Validation study of case-identifying algorithms for severe hypoglycemia using hospital administrative data in Japan.

机构信息

Japan Drug Development and Medical Affairs, Eli Lilly Japan K.K., Kobe, Hyogo Prefecture, Japan.

Real World Data Co., Ltd., Nakagyo Ward, Kyoto, Kyoto Prefecture, Japan.

出版信息

PLoS One. 2023 Aug 9;18(8):e0289840. doi: 10.1371/journal.pone.0289840. eCollection 2023.

Abstract

OBJECTIVE

The purpose of this study was to evaluate the performance of algorithms for identifying cases of severe hypoglycemia in Japanese hospital administrative data.

METHODS

This was a multicenter, retrospective, observational study conducted at 3 acute-care hospitals in Japan. The study population included patients aged ≥18 years with diabetes who had an outpatient visit or hospital admission for possible hypoglycemia. Possible cases of severe hypoglycemia were identified using health insurance claims data and Diagnosis Procedure Combination data. Sixty-one algorithms using combinations of diagnostic codes and prescription of high concentration (≥20% mass/volume) injectable glucose were used to define severe hypoglycemia. Independent manual chart reviews by 2 physicians at each hospital were used as the reference standard.
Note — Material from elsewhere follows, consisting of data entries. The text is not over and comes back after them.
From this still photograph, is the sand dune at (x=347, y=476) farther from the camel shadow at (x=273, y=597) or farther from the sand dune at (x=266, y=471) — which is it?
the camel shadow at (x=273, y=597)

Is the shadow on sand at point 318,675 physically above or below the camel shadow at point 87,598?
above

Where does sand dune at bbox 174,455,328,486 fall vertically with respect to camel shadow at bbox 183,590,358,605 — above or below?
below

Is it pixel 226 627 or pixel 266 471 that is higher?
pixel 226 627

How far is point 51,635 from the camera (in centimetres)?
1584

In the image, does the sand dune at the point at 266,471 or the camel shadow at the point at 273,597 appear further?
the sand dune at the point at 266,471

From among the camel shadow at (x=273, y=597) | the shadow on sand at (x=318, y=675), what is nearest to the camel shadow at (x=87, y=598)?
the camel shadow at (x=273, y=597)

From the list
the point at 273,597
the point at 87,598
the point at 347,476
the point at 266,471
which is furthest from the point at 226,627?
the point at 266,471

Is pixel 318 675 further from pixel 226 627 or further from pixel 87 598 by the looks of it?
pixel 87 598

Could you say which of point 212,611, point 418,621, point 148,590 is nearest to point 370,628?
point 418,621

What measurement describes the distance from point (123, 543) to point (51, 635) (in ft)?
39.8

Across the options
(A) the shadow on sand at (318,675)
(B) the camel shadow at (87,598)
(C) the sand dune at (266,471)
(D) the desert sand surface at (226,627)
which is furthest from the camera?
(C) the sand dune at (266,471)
Algorithm validity was evaluated using standard performance metrics.

RESULTS

In total, 336 possible cases of severe hypoglycemia were identified, and 260 were consecutively sampled for validation. The best performing algorithms included 6 algorithms that had sensitivity ≥0.75, and 6 algorithms that had positive predictive values ≥0.75 with sensitivity ≥0.30. The best-performing algorithm with sensitivity ≥0.75 included any diagnoses for possible hypoglycemia or prescription of high-concentration glucose but excluded suspected diagnoses (sensitivity: 0.986 [95% confidence interval 0.959-1.013]; positive predictive value: 0.345 [0.280-0.410]). Restricting the algorithm definition to those with both a diagnosis of possible hypoglycemia and a prescription of high-concentration glucose improved the performance of the algorithm to correctly classify cases as severe hypoglycemia but lowered sensitivity (sensitivity: 0.375 [0.263-0.487]; positive predictive value: 0.771 [0.632-0.911]).

CONCLUSION

The case-identifying algorithms in this study showed moderate positive predictive value and sensitivity for identification of severe hypoglycemia in Japanese healthcare data and can be employed by future pharmacoepidemiological studies using Japanese hospital administrative databases.

摘要

目的

本研究旨在评估用于识别日本医院行政数据中严重低血糖病例的算法性能。

方法

这是一项在日本 3 家急症医院进行的多中心、回顾性、观察性研究。研究人群包括年龄≥18 岁、因疑似低血糖而接受门诊或住院治疗的糖尿病患者。使用医疗保险索赔数据和诊断程序组合数据识别严重低血糖疑似病例。使用 61 种算法,通过诊断代码和高浓度(≥20%质量/体积)注射用葡萄糖的处方组合来定义严重低血糖。每个医院由 2 名医生进行独立的手动图表审查,作为参考标准。使用标准性能指标评估算法的有效性。

结果

共确定了 336 例疑似严重低血糖病例,其中 260 例连续采样进行验证。表现最好的算法包括 6 种灵敏度≥0.75 的算法,以及 6 种灵敏度≥0.30、阳性预测值≥0.75 的算法。表现最好的灵敏度≥0.75 的算法包括任何疑似低血糖的诊断或高浓度葡萄糖的处方,但排除了疑似诊断(灵敏度:0.986[95%置信区间 0.959-1.013];阳性预测值:0.345[0.280-0.410])。将算法定义限制为既有疑似低血糖诊断又有高浓度葡萄糖处方的算法,可以提高将病例正确分类为严重低血糖的性能,但降低了灵敏度(灵敏度:0.375[0.263-0.487];阳性预测值:0.771[0.632-0.911])。

结论

本研究中的病例识别算法在日本医疗保健数据中识别严重低血糖具有中等的阳性预测值和灵敏度,可用于未来使用日本医院行政数据库的药物流行病学研究。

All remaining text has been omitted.